Requirement:
Your answer is to be the exact text of the lines from the one containing "Moving on to" through the final line of the entries, restated in full, with pictures omitted.

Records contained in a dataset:
--- --- ---

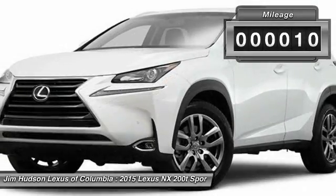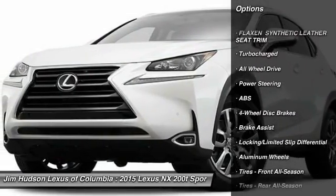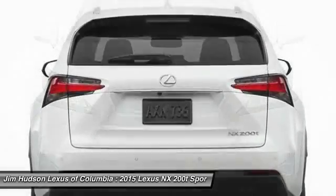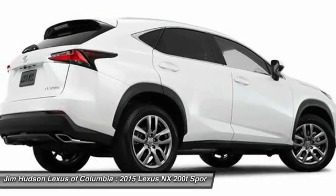This vehicle has less than 100 miles. Here are some of this vehicle's great options: stability control, keyless entry, traction control, power passenger seat, backup camera, all-wheel drive, anti-lock braking system, steering wheel audio controls, lane departure warning, and leather-wrapped steering wheel.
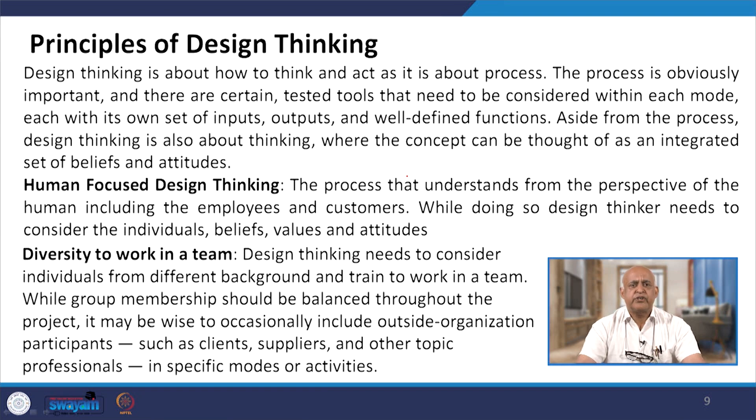Design thinking needs to consider individuals from different backgrounds, trained to work in a team. While group membership should be balanced throughout the project, it may be wise to occasionally include outside organization participants such as clients, suppliers and other topic professionals in specific modes or activities. The message is that you should not restrict yourself within internal stakeholders — you have to extend your thinking and application of new ideas to clients and suppliers as well.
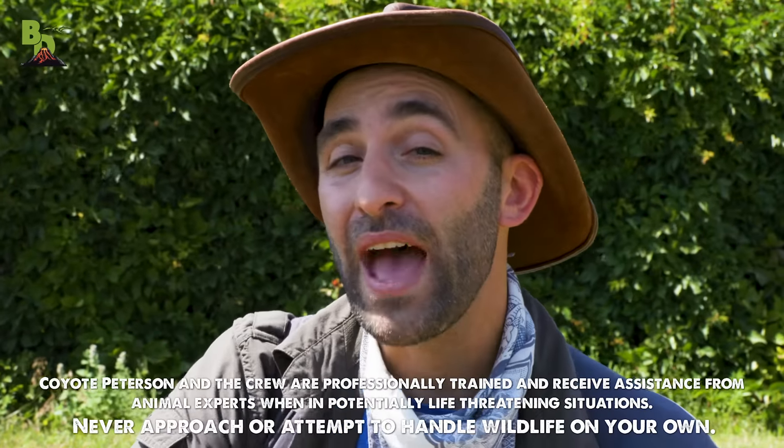What's going on, Coyote Pack? Today we are on location in South Dakota, and we're going to visit the Mammoth Site. Get ready, this is going to be a prehistoric adventure.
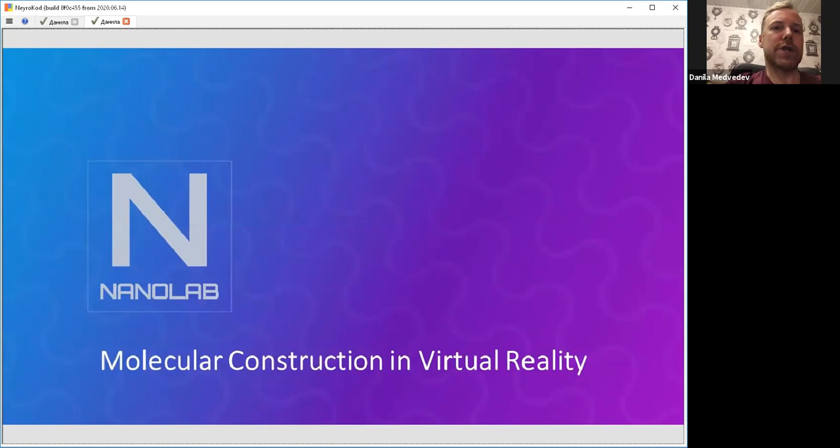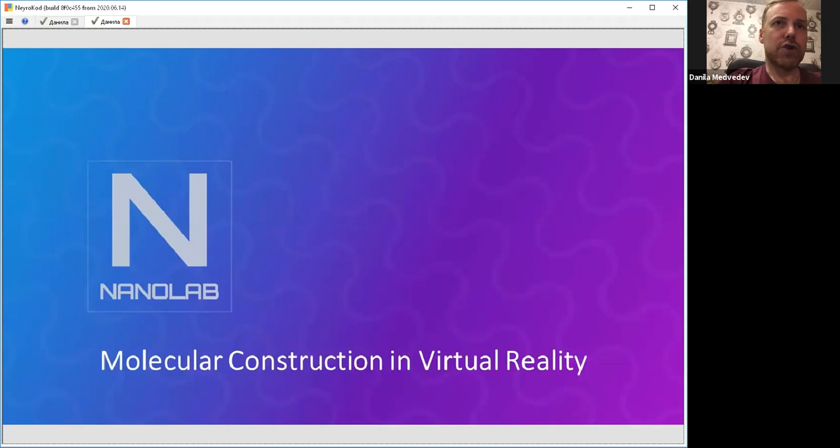Our main idea with this project is to bring the vision of atomically precise manufacturing back to the popular imagination, make it realistic, help create some conceptual models and ideas of what nanomachines can be — so that we can have a nanotechnology revolution 2.0 that hopefully will be more successful than the first one.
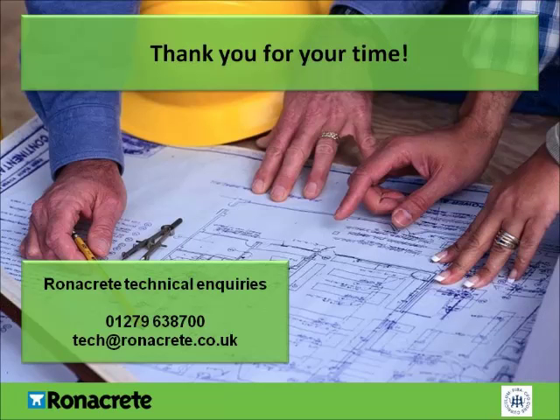For any technical enquiries or to find out more about SUDS-compliant surfacing systems, contact our technical department on 01279 638 700 or email tech@ronacrete.co.uk. We hope this CPD presentation was useful to you. If you would like to receive a certificate showing you have completed this presentation, please fill in the form below and a certificate will be sent out to you.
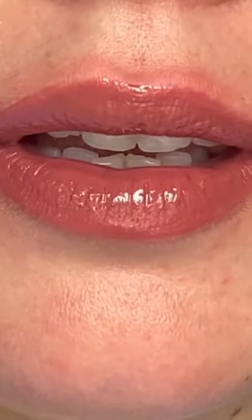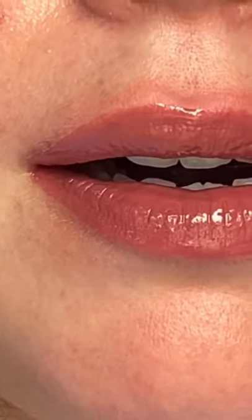The shade Silk — this gloss can hold up on its own. Like you don't need to put a lip liner or anything under it. It looks really good by itself.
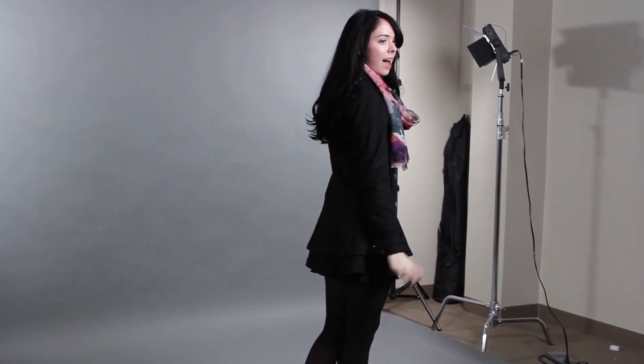Moving on to my favorite piece of the outfit — the jacket. I purchased this jacket at Ross. It was originally close to $300 and I paid $60 for it. What I love about it is that it almost looks like a dress, so you can wear whatever you want underneath and your jacket still looks really stylish on its own.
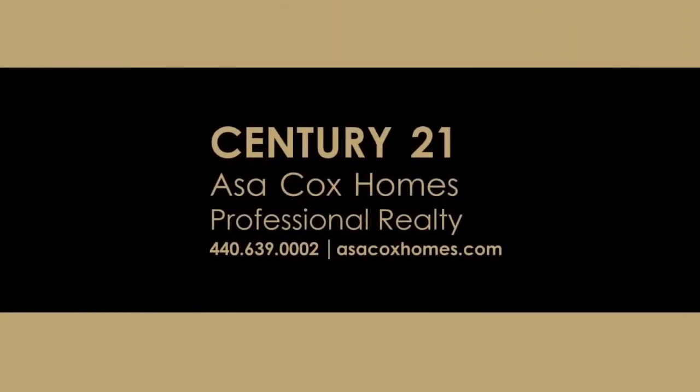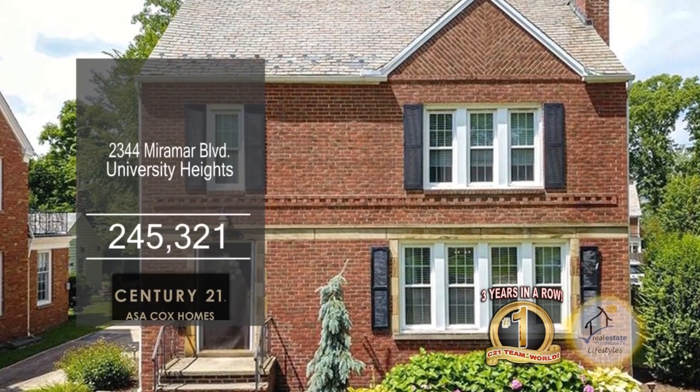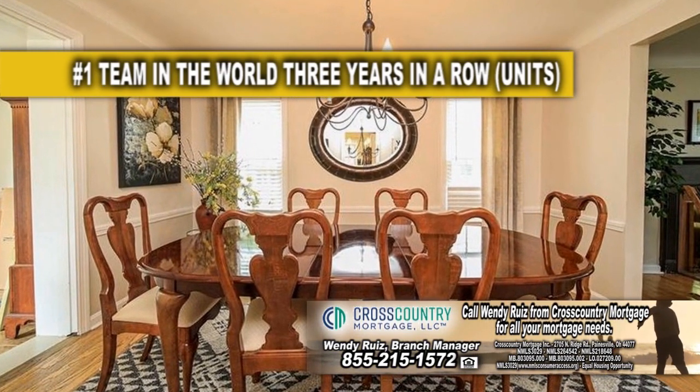Century 21 Asa Cox Homes. This brick colonial in University Heights boasts five bedrooms and two and a half baths. The living room is highlighted by a wood-burning fireplace. The formal dining room has a chair rail and built-in corner cabinets.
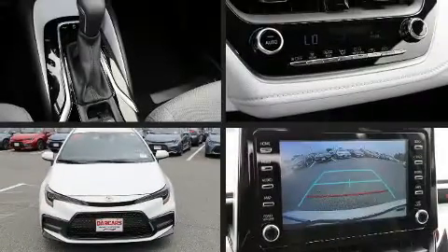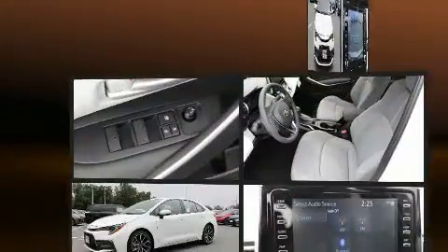The 2020 Toyota Corolla. This four-door, five-passenger sedan is ready to drive off the showroom floor.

--- --- ---

Exercise answer:
Moving on to my favorite piece of the outfit — the jacket. I purchased this jacket at Ross. It was originally close to $300 and I paid $60 for it. What I love about it is that it almost looks like a dress, so you can wear whatever you want underneath and your jacket still looks really stylish on its own.
Century 21 Asa Cox Homes. This brick colonial in University Heights boasts five bedrooms and two and a half baths. The living room is highlighted by a wood-burning fireplace. The formal dining room has a chair rail and built-in corner cabinets.
The 2020 Toyota Corolla. This four-door, five-passenger sedan is ready to drive off the showroom floor.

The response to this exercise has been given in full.